Artikel 68 1 Indien het onderzoek ter plaatse aanleiding geeft tot bijhouding, vindt deze plaats op grondslag van het relaas van bevindingen. Artikel 58, eerste en tweede lid, is van overeenkomstige toepassing.
2 Indien het onderzoek ter plaatse geen aanleiding geeft tot bijhouding, wordt daarvan mededeling gedaan aan de verzoeker en de overige bij de bijhouding belanghebbenden.

Artikel 69 Vervallen

Artikel 70 1 De Dienst is bevoegd, ook zonder een verzoek, als bedoeld in artikel 66, eerste lid, een onderzoek, als bedoeld in artikel 67, eerste lid, in te stellen indien er redenen zijn om aan te nemen dat zich met betrekking tot onroerende zaken feiten hebben voorgedaan, als bedoeld in de artikelen 29 en 35 van Boek 5 van het Burgerlijk Wetboek. Van het voornemen tot een onderzoek wordt door de Dienst mededeling gedaan overeenkomstig artikel 57, eerste lid. De artikelen 57, tweede en derde lid, en 67, tweede lid, zijn van overeenkomstige toepassing.
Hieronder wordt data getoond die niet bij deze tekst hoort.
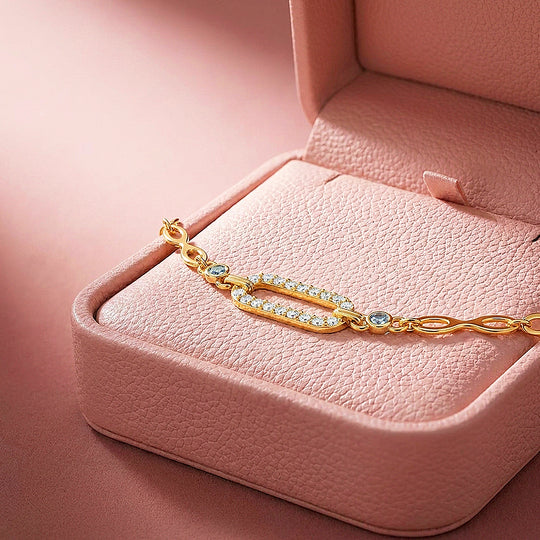 Pavé Paperclip &amp; Chain Bracelet | Diamond Simulant | Luxe6660
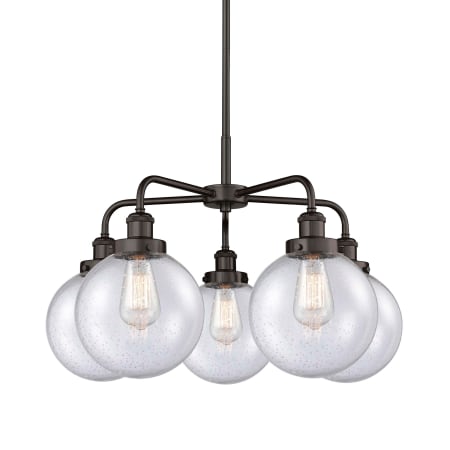 A large image of the Innovations Lighting 916-5CR-18-26 Beacon Chandelier Oil Rubbed Bronze / Seedy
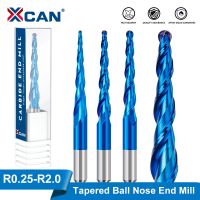 XCAN Ball Nose Tapered End Mills R0.25-R2.0 โซลิดคาร์ไบด์ CNC Router กัด HRC65 Nano Blue Coating Metal Wood Engraving Bit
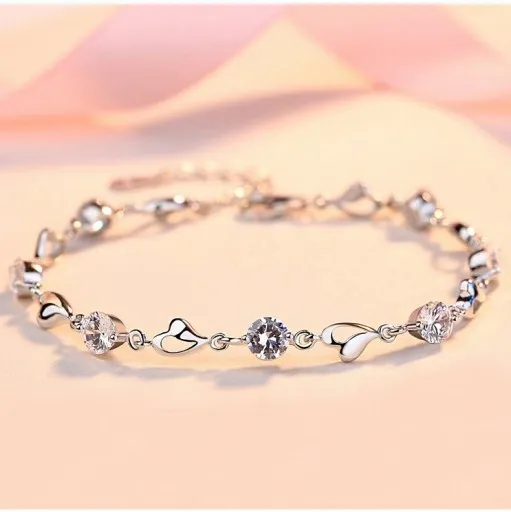 Bransoletka Damska Srebrna Łańcuszki Serduszka Heart Kryształki Na Prezent zdjęcie 7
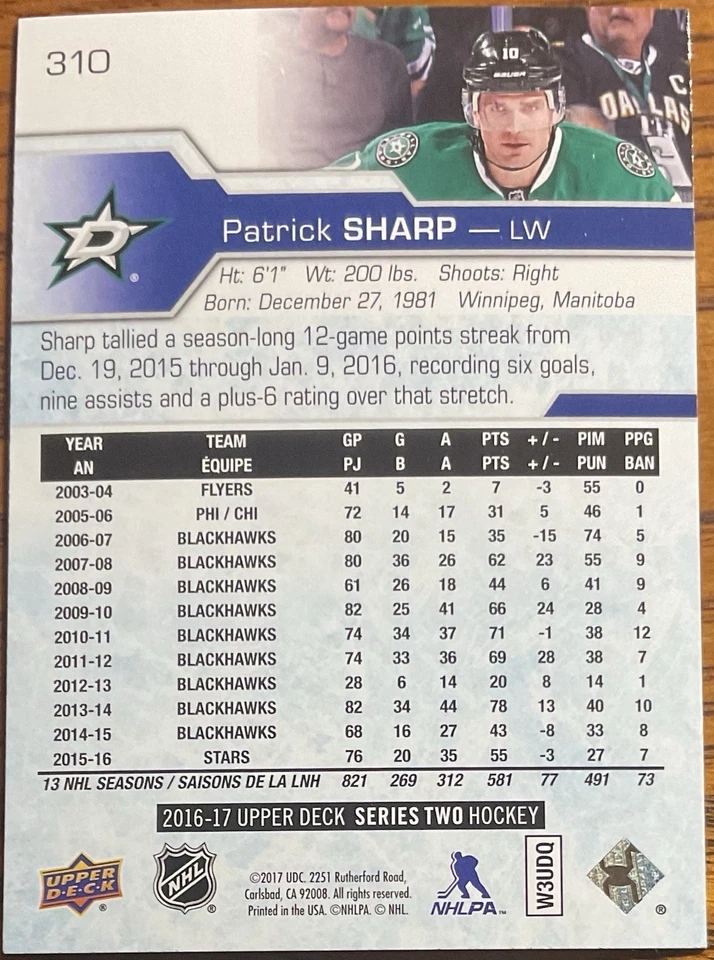 2016-17 Upper Deck Patrick Sharp #310 Dallas Stars - Image 2 of 2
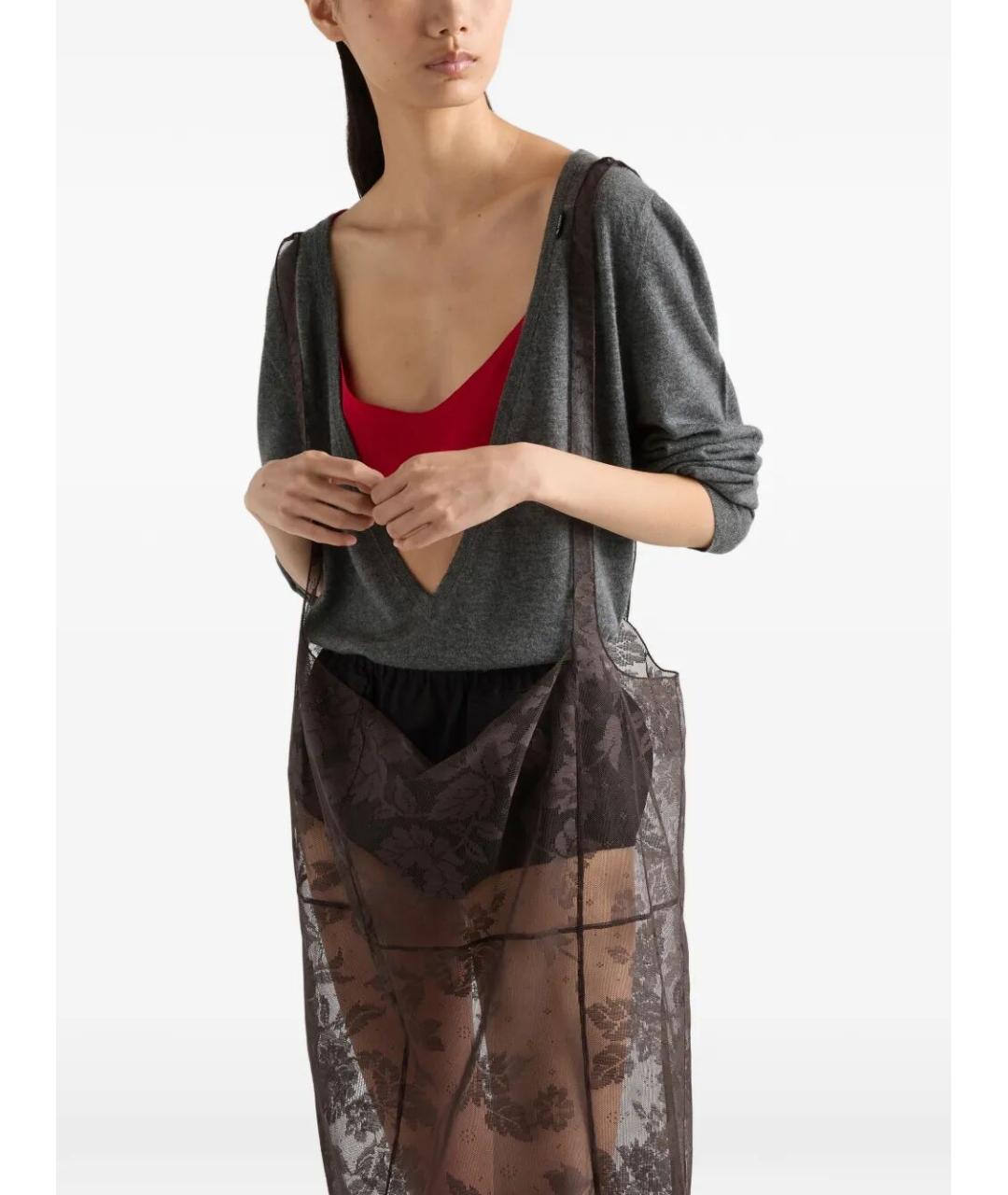 PRADA Серый кашемировый джемпер / свитер, фото 4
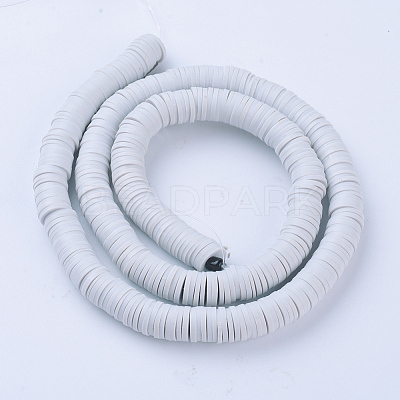 Flat Round Handmade Polymer Clay Beads CLAY-R067-8.0mm-39-1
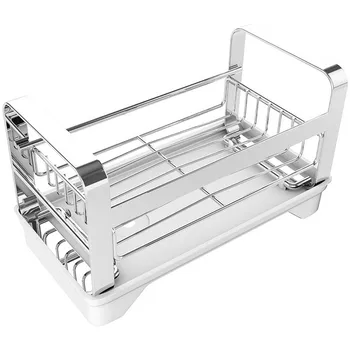 

Stainless Steel Sink Caddy Sink Organizer,Holds Sponge for Kitchen Sink with Dish Cloth Hanger Soap Holder Rack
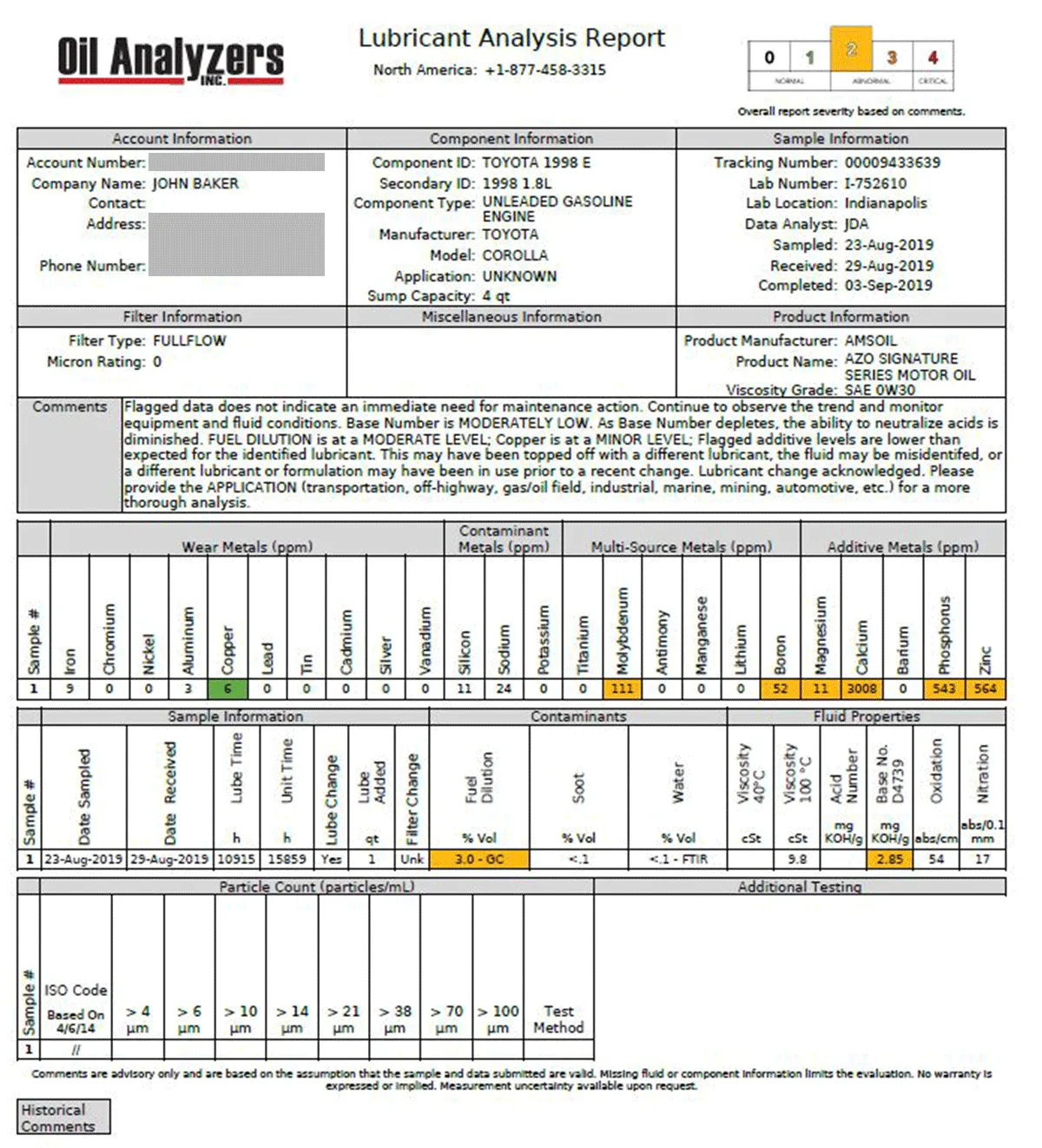 an engine oil analysis report from Oil Analyzers, INC.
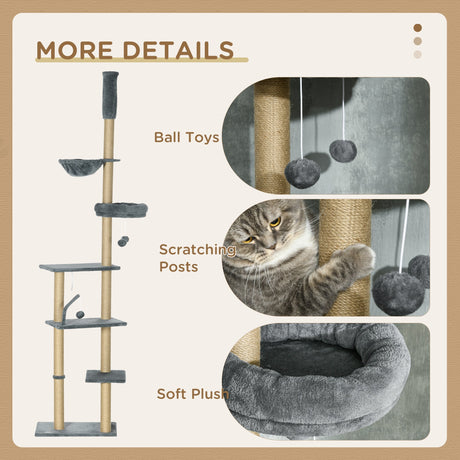 Floor to Ceiling Cat Tree, 6-Tier Play Tower Climbing Activity Center w/ Scratching Post, Hammock, Adjustable Height 230-250cm, PawHut, Beige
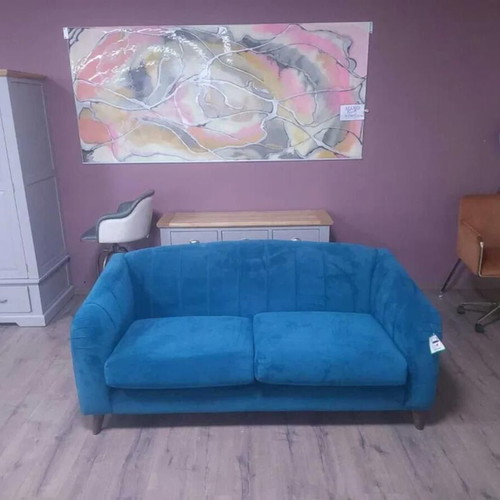 Designer Blue Fabric Sofa Large Double New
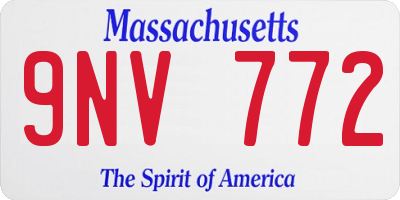 MA license plate 9NV772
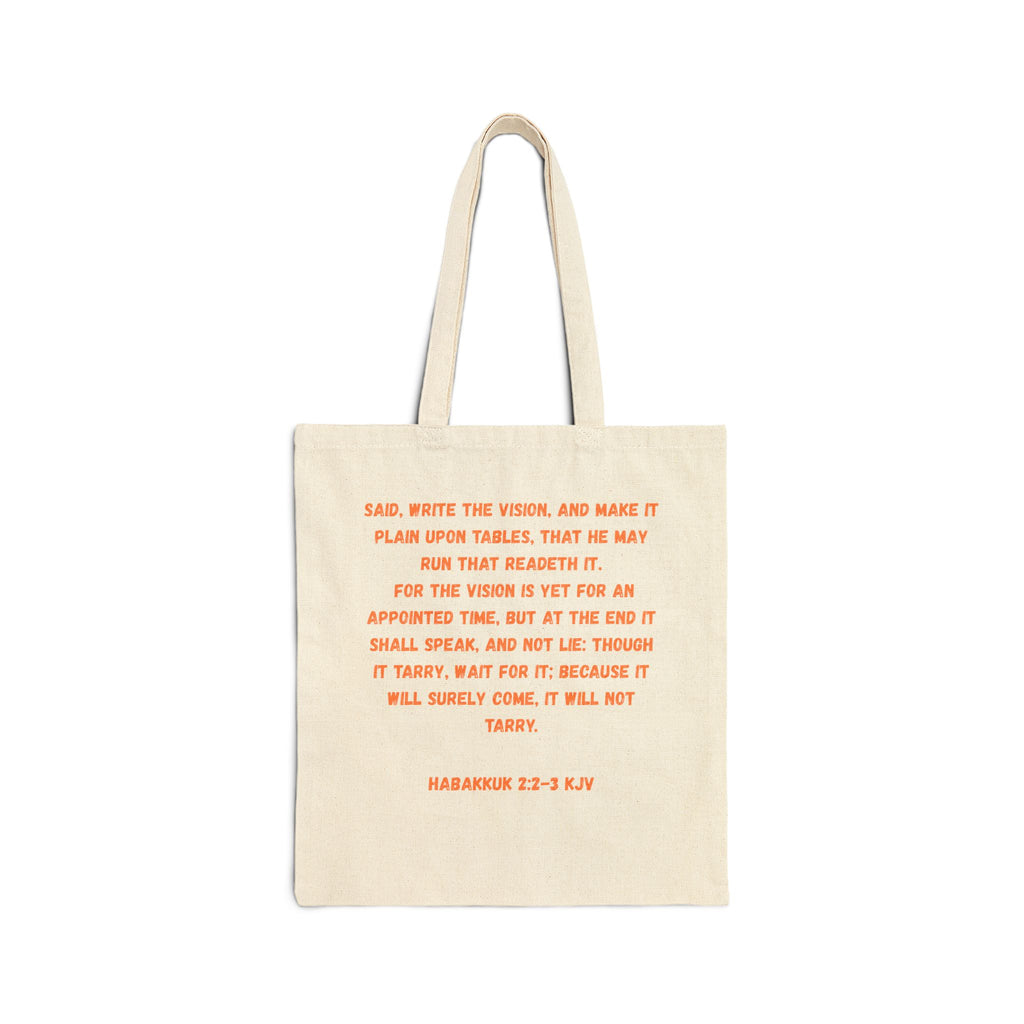 Bible Verse Tote Bag — Habakkuk 2:2-3 Canvas Shoulder Bag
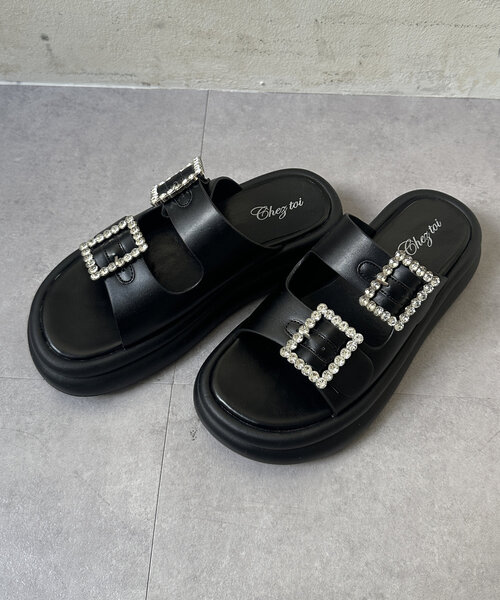 Chez toi（シェトワ） 厚底 サンダル ビジューサンダル レディース
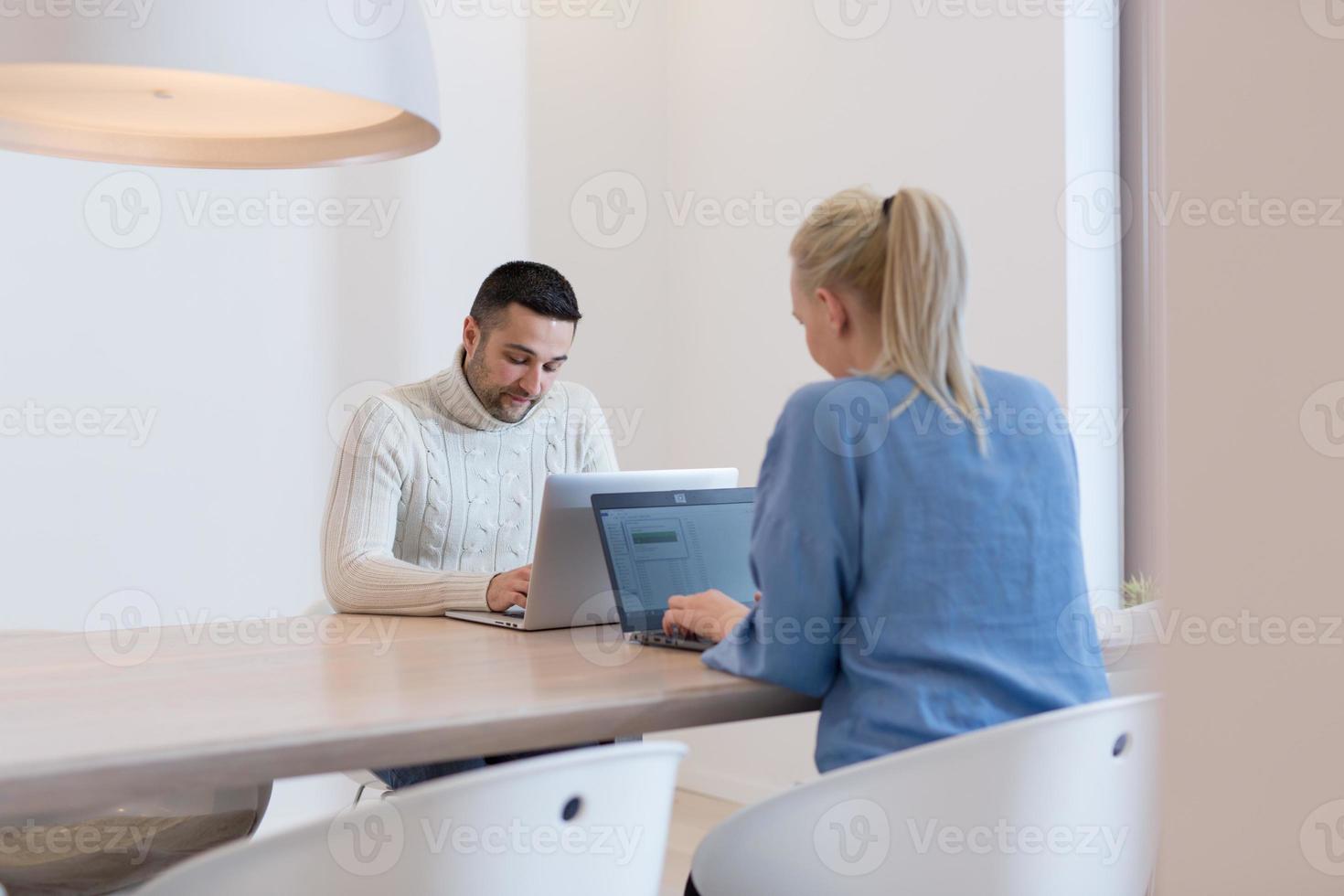 Startup Business Team At A Meeting at modern office building photo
2 Indien de Dienst gebruik heeft gemaakt van de in het vorige lid bedoelde bevoegdheid en het onderzoek ter plaatse aanleiding heeft gegeven tot bijhouding, vindt bijhouding plaats op grondslag van het relaas van bevindingen. Artikel 58, eerste en tweede lid, is van overeenkomstige toepassing.
3 Ingeval het onderzoek geen aanleiding geeft tot bijhouding is artikel 68, tweede lid, van overeenkomstige toepassing.